* **What to work on**: Could you return the listing below exactly, with every line intact?

* **Collected data**:
####################
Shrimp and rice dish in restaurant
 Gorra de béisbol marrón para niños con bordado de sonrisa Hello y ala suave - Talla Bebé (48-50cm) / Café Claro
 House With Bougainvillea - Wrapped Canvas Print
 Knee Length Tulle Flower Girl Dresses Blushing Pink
####################
* **Task solution**:
Shrimp and rice dish in restaurant
 Gorra de béisbol marrón para niños con bordado de sonrisa Hello y ala suave - Talla Bebé (48-50cm) / Café Claro
 House With Bougainvillea - Wrapped Canvas Print
 Knee Length Tulle Flower Girl Dresses Blushing Pink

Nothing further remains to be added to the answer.